From Campus Politics to State Capture

The Sudanese Muslim Brotherhood was founded in 1954, modeled on its Egyptian parent organization but shaped by distinctly Sudanese conditions. For its first three decades, the movement operated primarily within universities and professional unions, building a cadre of ideologically committed members who would later occupy key positions in government, the military, and the judiciary. Its transformation from a social movement into a political force was driven almost entirely by one man: Hassan al-Turabi.

Turabi, a Sorbonne-educated legal scholar, understood that the Brotherhood could not seize power through elections alone in a country as ethnically and religiously diverse as Sudan. His strategy was institutional infiltration. By the 1980s, Brotherhood members had penetrated the officer corps of the Sudanese Armed Forces, the banking sector through Islamic finance institutions, and the intelligence services. When General Omar al-Bashir launched his coup on June 30, 1989, it was Turabi’s National Islamic Front (NIF), the Brotherhood’s political vehicle, that provided the ideological blueprint and the civilian governance apparatus. The coup was not a military takeover that the Brotherhood later co-opted; it was a Brotherhood project executed through military means.
The Bashir Era: Islamism as State Policy

Under the Bashir-Turabi partnership, Sudan became a laboratory for political Islam in Africa. The regime-imposed Sharia law on a multi-religious population, purged secularists and moderates from state institutions, and transformed the security services into instruments of ideological enforcement. Khartoum became a haven for Islamist militants from across the region, including, for a period in the early 1990s, Osama bin Laden. The Brotherhood’s influence extended into every dimension of governance, education curricula were rewritten, media was subjected to Islamist censorship, and civil society organizations were either absorbed into the movement or destroyed.

The Brotherhood’s project was not an abstraction to Darfuris; it was the ideology that justified the marginalization of non-Arab and non-Islamist communities across Sudan’s peripheries. The same security apparatus that Turabi built, and that the Brotherhood staffed, would later oversee the genocide in Darfur beginning in 2001. The Janjaweed militias that carried out the killings were armed and directed by a state whose governing ideology was the Brotherhood’s.

When Bashir was overthrown by popular revolution in April 2019, the Brotherhood did not disappear. It retreated into the very institutions it had spent thirty years building: its networks within the military, intelligence, and economy remained intact.

The Brotherhood at War

When civil war broke out between the Sudanese Armed Forces and the Rapid Support Forces in April 2023, the Brotherhood saw an opportunity to reclaim the state it had lost. The Sudanese Islamic Movement mobilized the al-Baraa Bin Malik Brigade, a fighting force that the U.S. State Department now estimates at upwards of twenty thousand combatants. These are not irregular. They are ideologically trained fighters, many of whom received direct support from Iran’s Islamic Revolutionary Guard Corps, as I detailed in my previous article.
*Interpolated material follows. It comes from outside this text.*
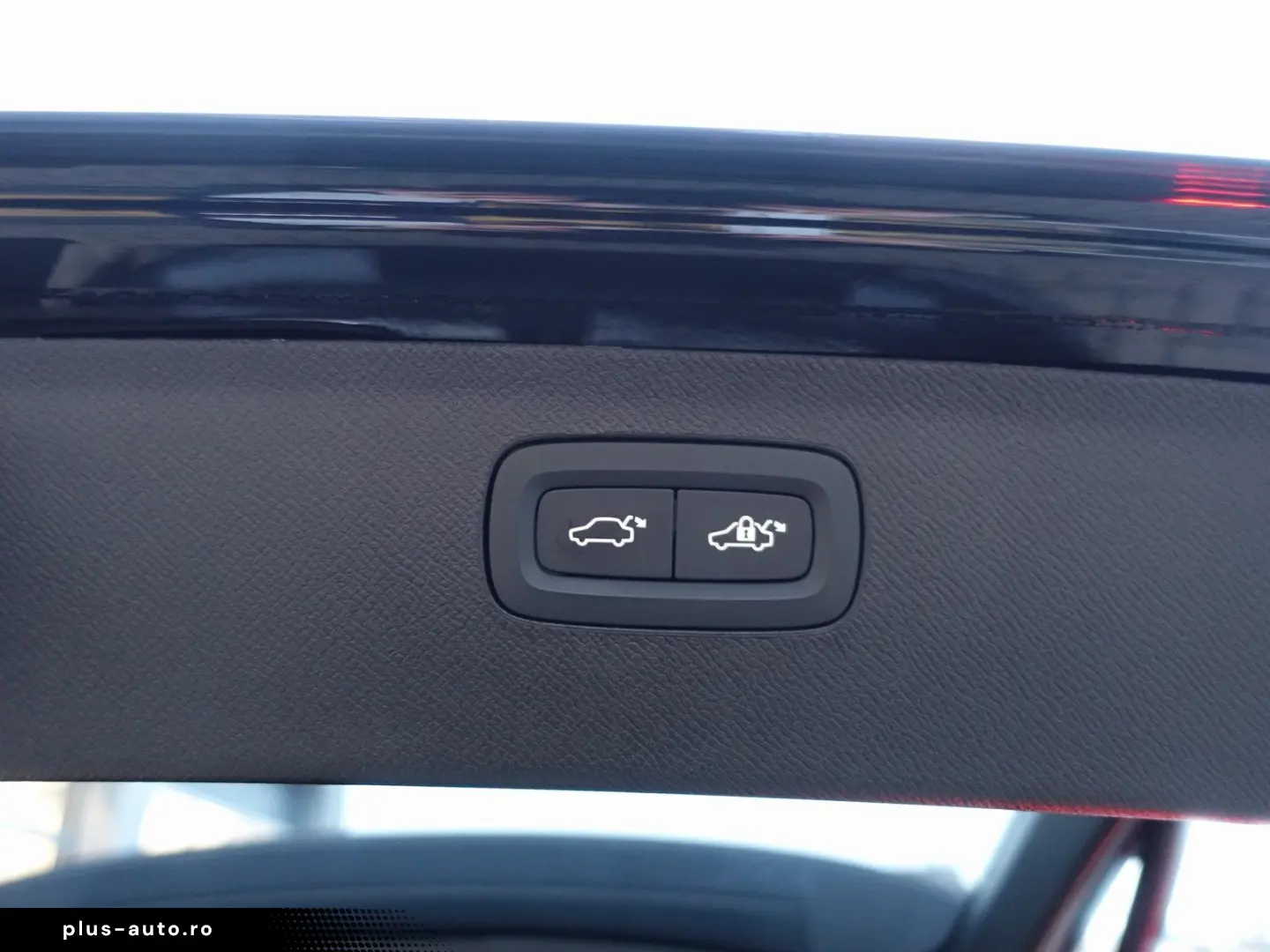 VOLVO XC90 T8 AWD Ultra Dark PANO HUD FOUR-C 360 B&W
The depth of the Brotherhood’s control over the SAF is no longer a matter of speculation. A leaked video, reported by Sky News Arabia, showed a senior Brotherhood figure openly declaring that General al-Burhan serves merely as the public face of the military while the Islamist organization exercises actual command over the army’s strategic direction. This admission aligns with what many Sudanese analysts have long argued: that the Sudanese Islamic Movement, operates as the real power behind the military’s war effort. Its network supplies the SAF with manpower, financing, and public mobilization capacity that al-Burhan’s conventional military structure cannot generate on its own. In return, the Brotherhood secures its grip over Sudan’s institutions and positions itself to dominate the post-war political order.